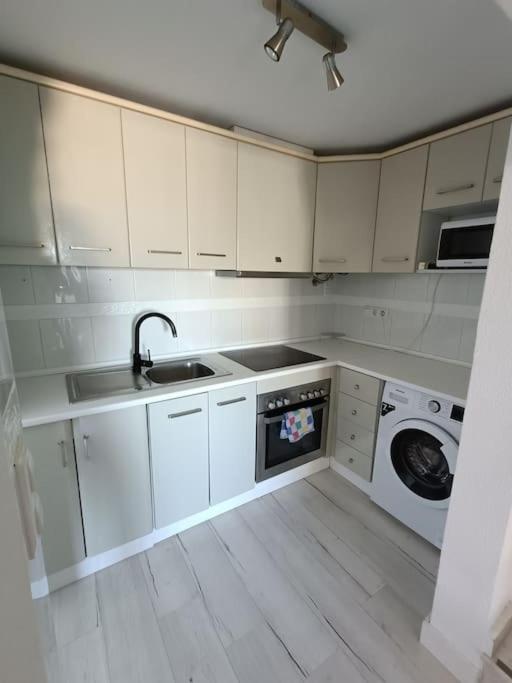 Adosado tranquilo para familias con piscina - Three-Bedroom House - 49
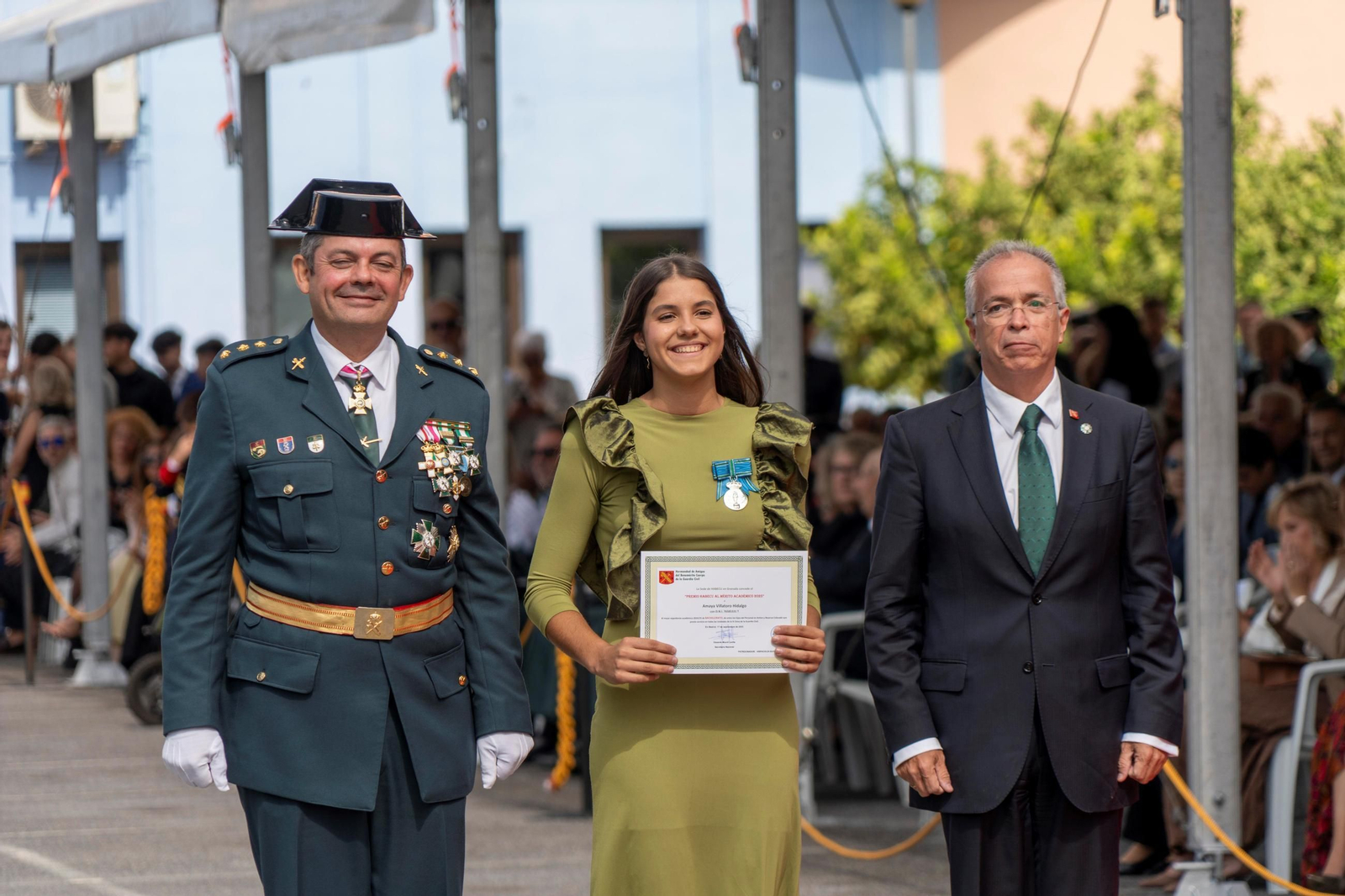 Fotos: emoción, homenajes y medallas en la Guardia Civil de Granada para festejar a su Patrona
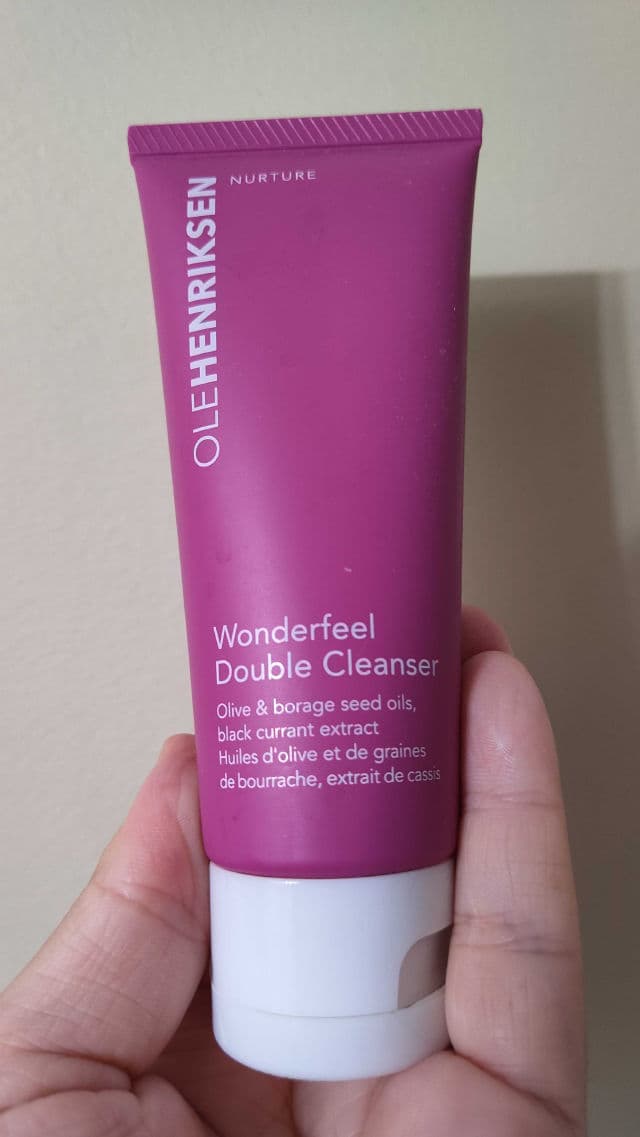 Ole Henriksen Wonderfeel Double Cleanser review photo by JBsmile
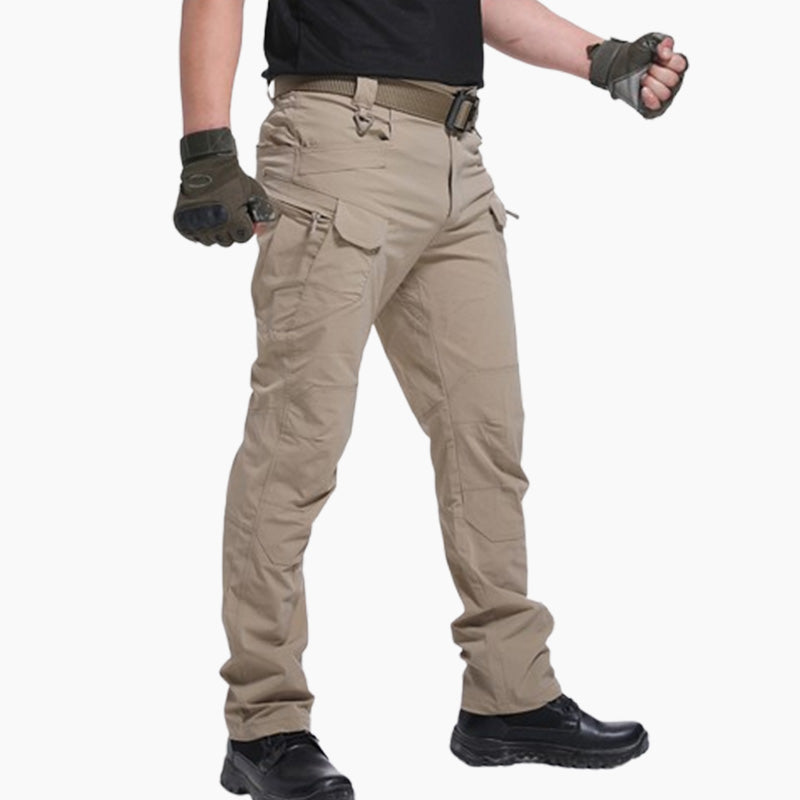 Multifunctional Stretch Tactical Pants – Zippered pockets, slim fit, and stretch fabric for total freedom of movement.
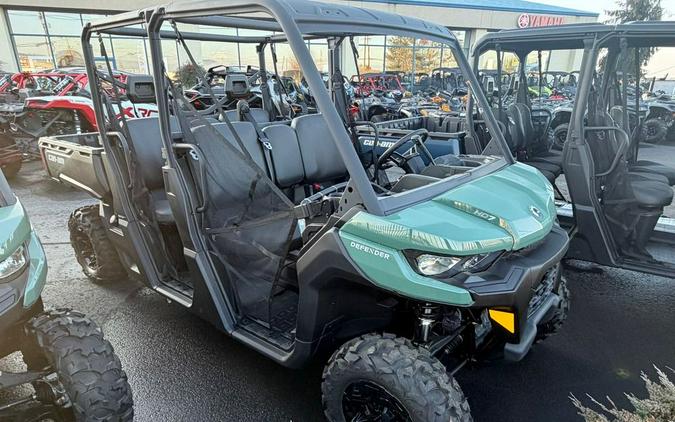 2025 Can-Am® Defender MAX HD7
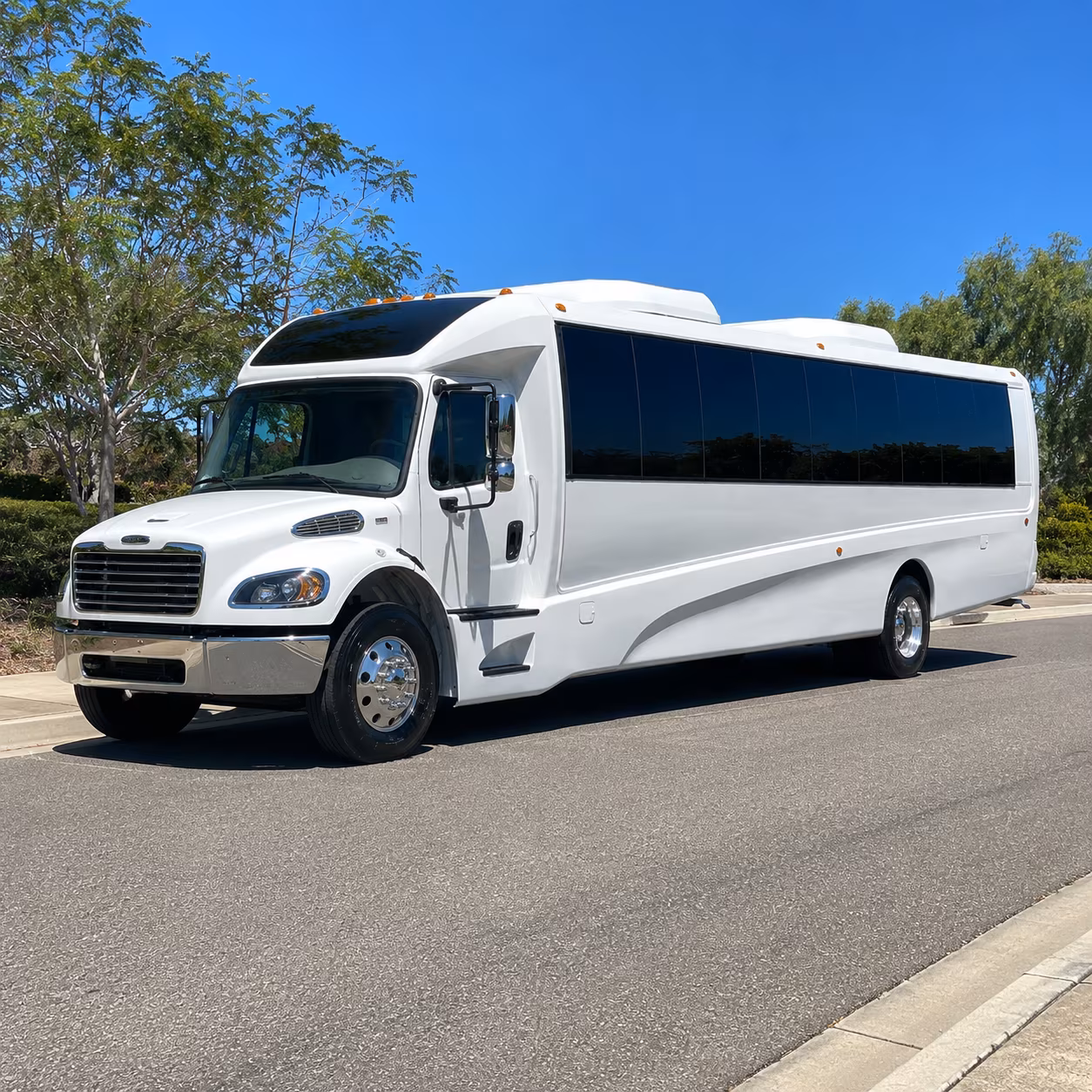 clovis 35 passenger minibus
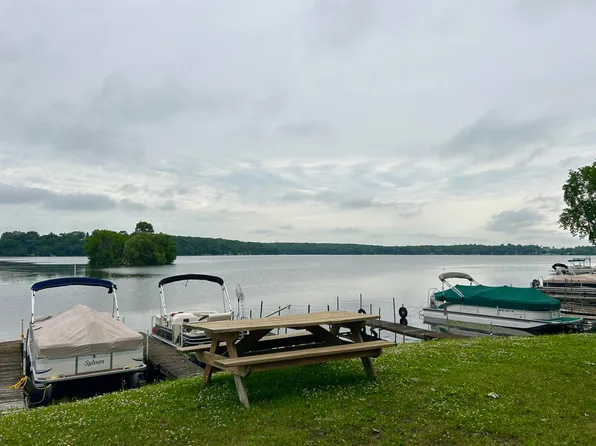 N2755 Welk Rd Unit 5, Markesan, WI 53946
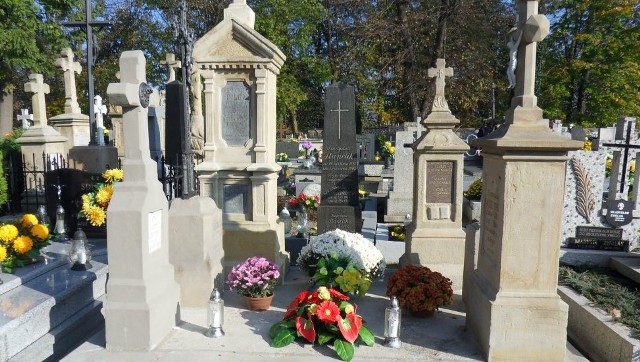 Dzięki kwestom w dniu Wszystkich Świętych przy cmentarzu w Zatorze odnowionych zostało już m.in. kilkadziesiąt zabytkowych nagrobków i pomników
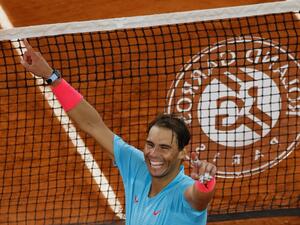 نادال يحتفل بفوزه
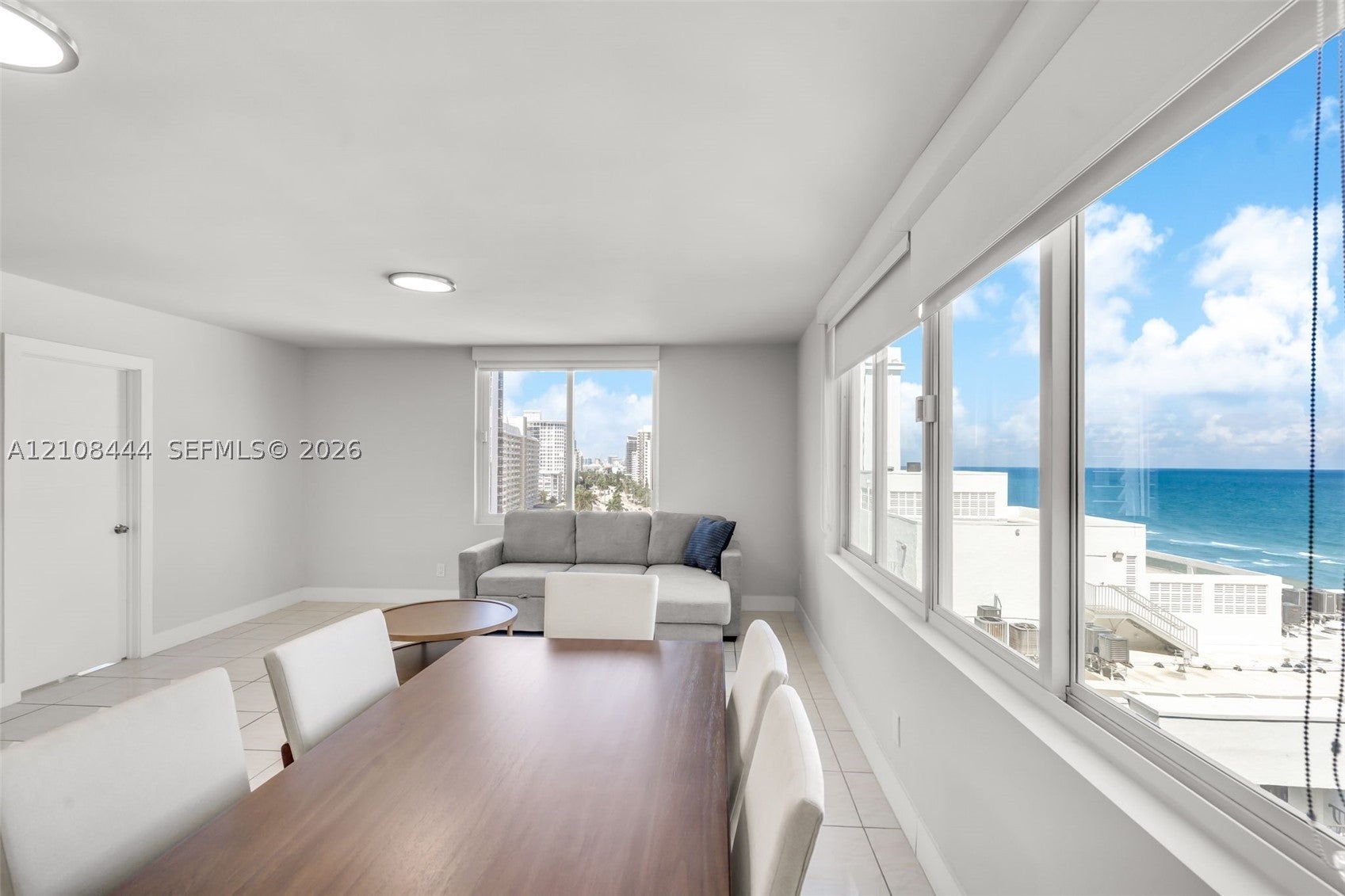 5401 Collins Ave 919A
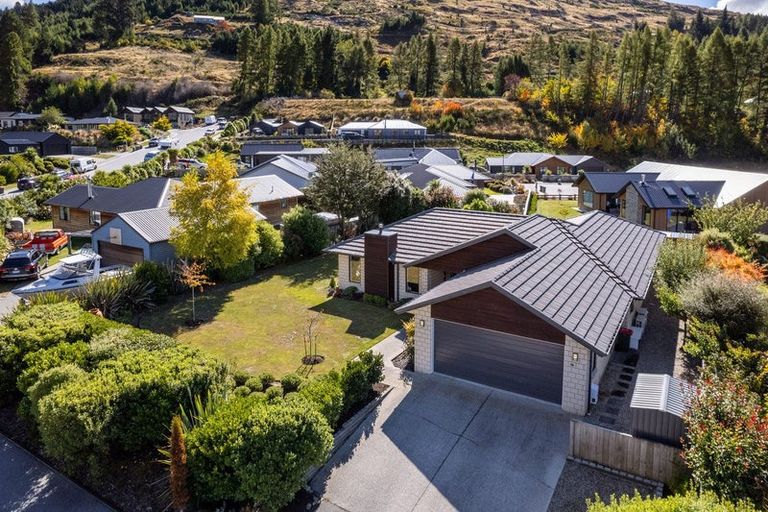 Photo of property in 14 Morning Star Terrace, Arthurs Point, Queenstown, 9371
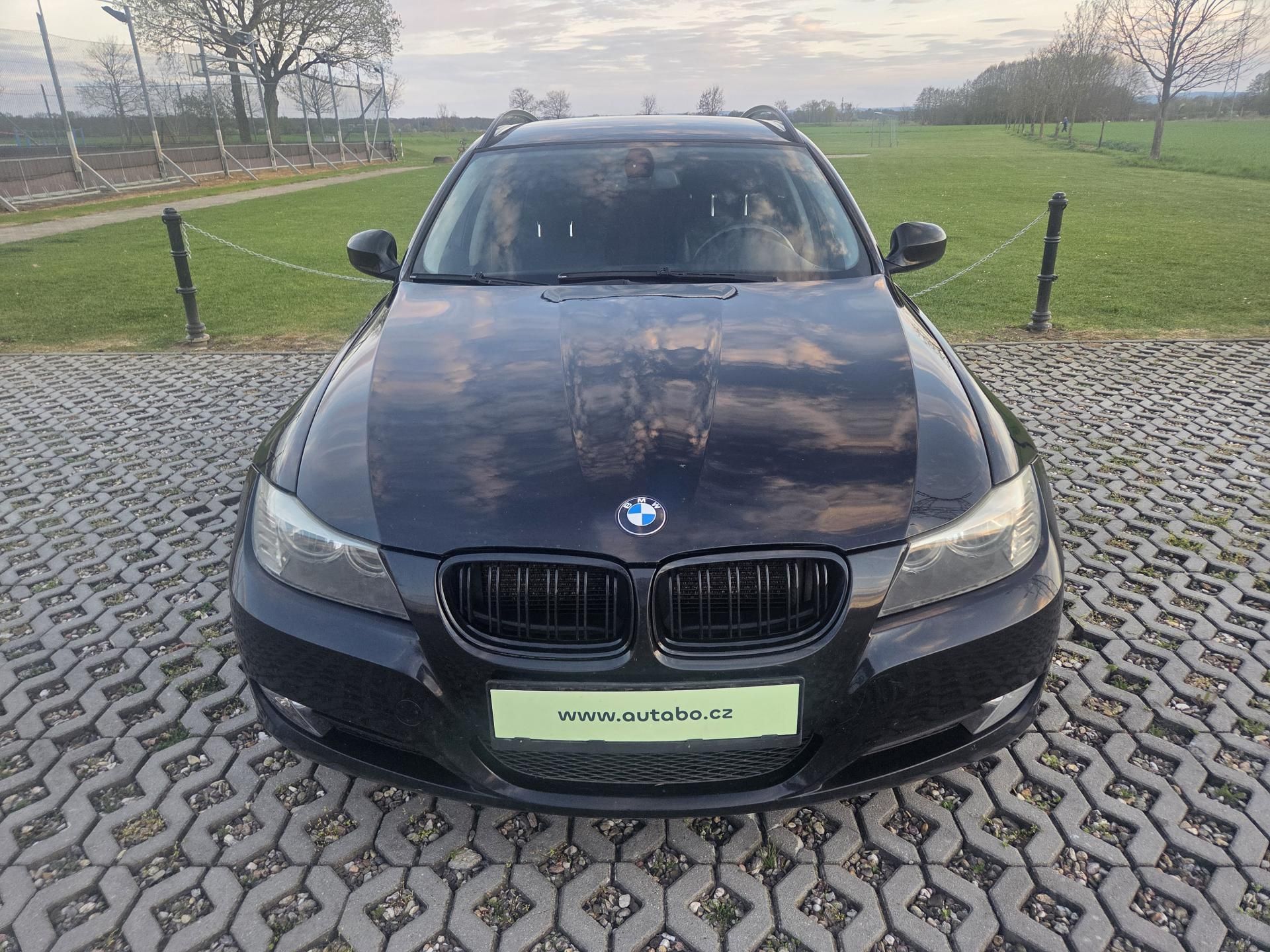 BMW Řada 3, 320d, 130 kW,2.sada kol,manual - fotka 2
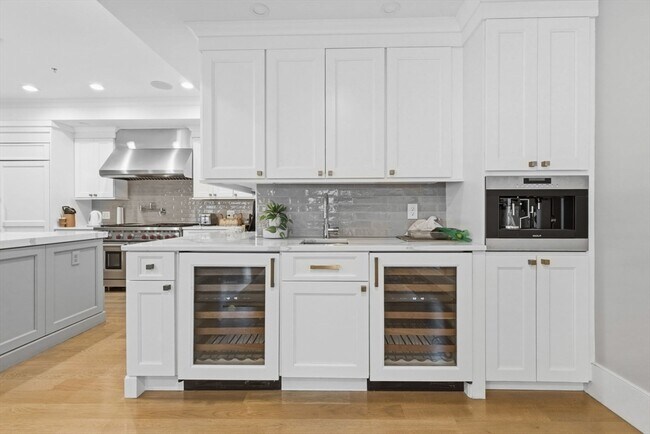 Building Photo - 377 W First St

> [WHAT THE TASK REQUIRES]:
Give back exactly the lines from the line with "BMW Řada 3, 320d, 130" through the final line of the entries above, and keep pictures out of the copy.

> [EXERCISE RESPONSE]:
 BMW Řada 3, 320d, 130 kW,2.sada kol,manual - fotka 2
 Building Photo - 377 W First St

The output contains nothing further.